Realty Income is the industry giant and Agree Realty is a budding upstart. Which one you’ll want to own depends on your investment goals.
You likely wouldn’t be making a mistake if you invested in Realty Income (O 1.24%). Nor would it be an error to buy Agree Realty (ADC 1.22%). But while they are very similar in some ways, they are notably different in others. Here’s why you might want to select one of these high-yield stocks over the other.
Realty Income is the name to beat in net lease
Realty Income is the largest net-lease real estate investment trust (REIT). A net lease requires the tenant to pay for most property-level operating costs. Net lease properties are usually single-tenant assets. Although any individual property is high risk given that there’s only one tenant, across a large portfolio, the risks are fairly low. Realty Income owns over 15,400 properties, which is a massive number compared to most of its peers.
The REIT’s market cap is a huge $50 billion, which is over 3 times larger than its next-closest peer. It is the 800-pound gorilla in the net-lease REIT niche. But it isn’t just big, it is also very well run. Realty Income has an investment-grade balance sheet and a 30-year history of annual dividend increases. This is a very reliable dividend stock.
As for the future, growth is likely to be slow given Realty Income’s vast size. But the company still has a lot of levers to pull on the expansion front. For starters, its portfolio is spread across retail and industrial assets and it has exposure to both North America and Europe (a market in which the net-lease approach is still relatively new). The company’s size and financial strength also give it the ability to take on deals that smaller REITs couldn’t manage, including portfolio transactions and buying smaller peers.
If you don’t mind a slow-and-steady tortoise, and like to own the biggest and best-run companies, Realty Income and its 5.5% dividend yield will be a good fit in your income portfolio.

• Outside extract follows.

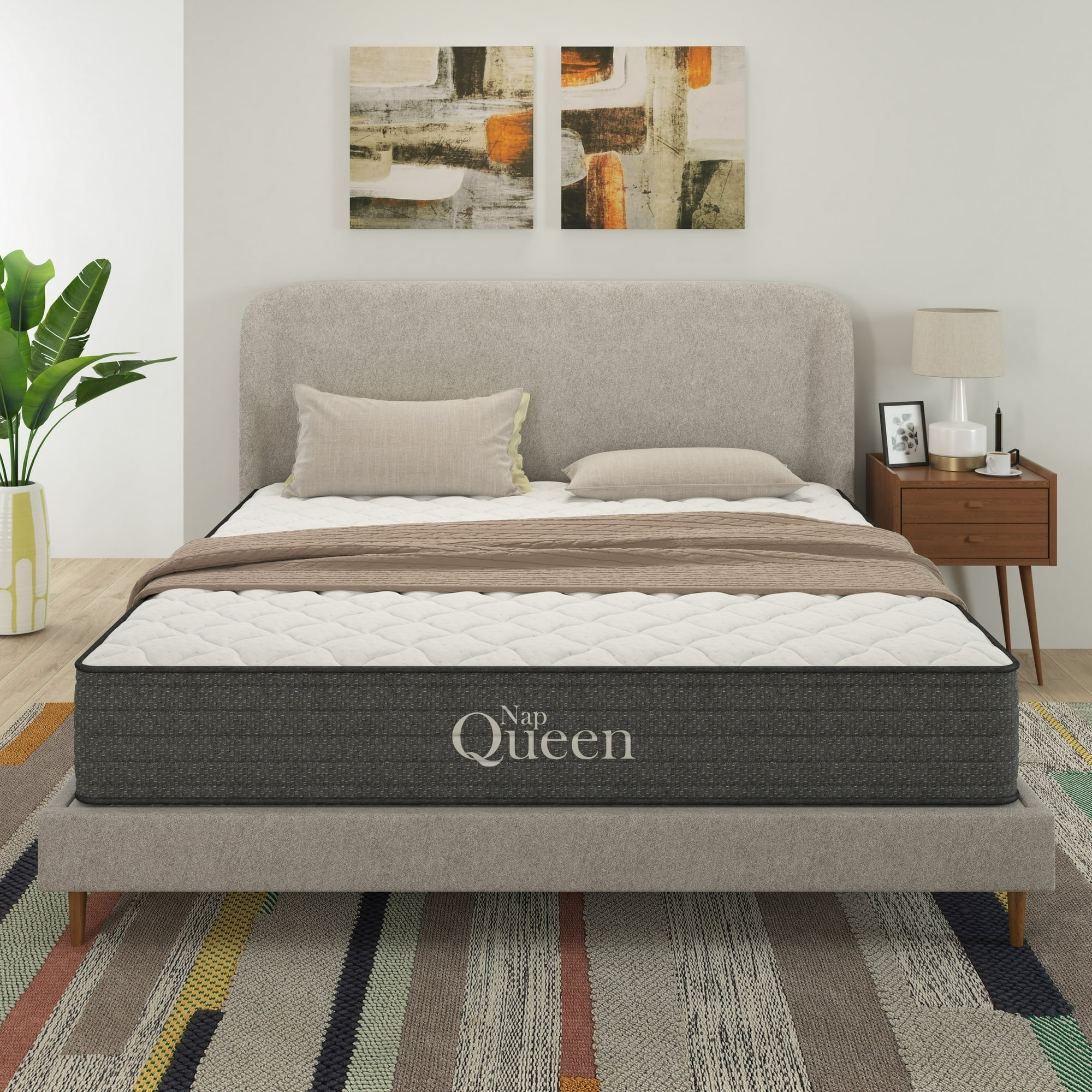 NapQueen Victoria 10" Cooling Gel Hybrid Mattress Full NapQueen Victoria 10" Cooling Gel Hybrid Mattress Full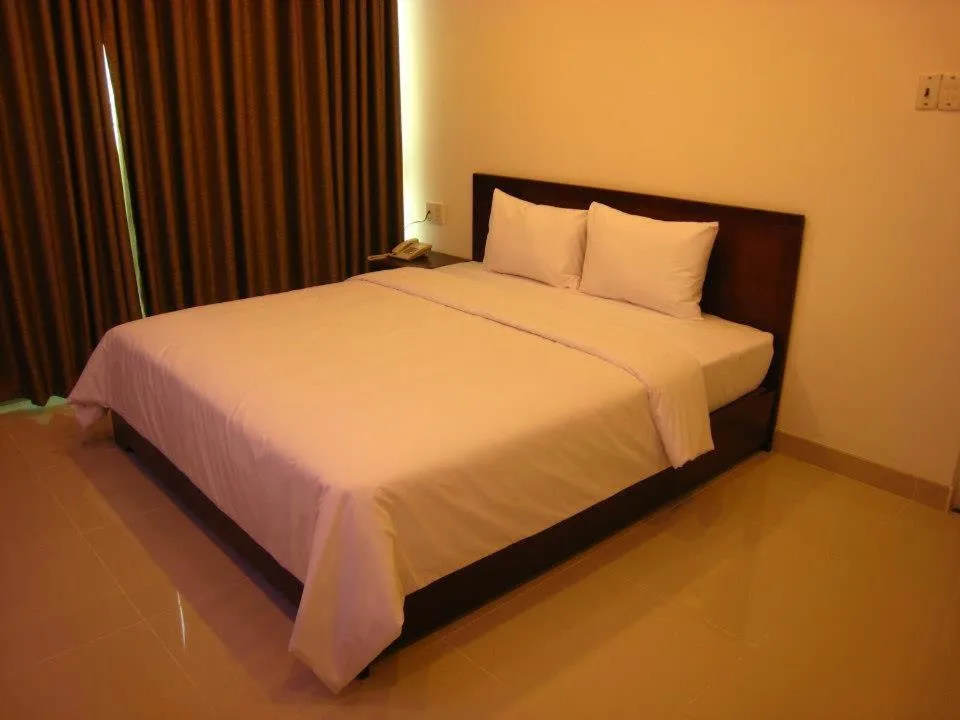 Bed in Apogee Hotel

Agree Realty is a budding upstart
Agree Realty, with a market cap of just $7 billion, only invests in retail properties located in the United States. The company cut its dividend in 2011 when it owned less than 100 properties and a single large tenant ended up in bankruptcy. Back then, it was the poster child for why a large portfolio is important for net-lease REITs. It is a vastly different company today, with over 2,200 properties. While that’s small relative to Realty Income, it is more than enough diversification in the net-lease space to offset both the single-tenant and portfolio-size risks.
Agree’s balance sheet is investment grade. And it has raised its dividend annually for roughly a decade. This is where things get interesting and you start to see the important differences between Realty Income and Agree. Over the past 10 years, Agree’s dividend has increased by roughly 5.7% a year on an annualized basis. Realty Income’s dividend rose closer to 3% a year over that span.
While the gap between roughly 6% and 3% may not seem like much on an absolute basis, it is a huge percentage difference. Agree is essentially the fast-growing upstart in this comparison. Given its significantly smaller size, that’s a situation that’s unlikely to change for a long time. It is also why investors have afforded the REIT a premium price — the yield is 4.5% or so, a full percentage point below that of Realty Income.
All told, this well-run net-lease REIT is going to be attractive to investors focused on dividend growth. It will also be of interest to growth-and-income investors. Realty Income, meanwhile, will probably be favored by those seeking the largest and best-run companies in a sector and the highest yields.
Either one will work, but you might have a preference
Neither Realty Income nor Agree Realty are bad net-lease REITs. The choice between them, in some ways, comes down to the nuances in your investment style. On the other hand, you could just buy both of them, which would give you exposure to both the industry giant and a fast-growing upstart.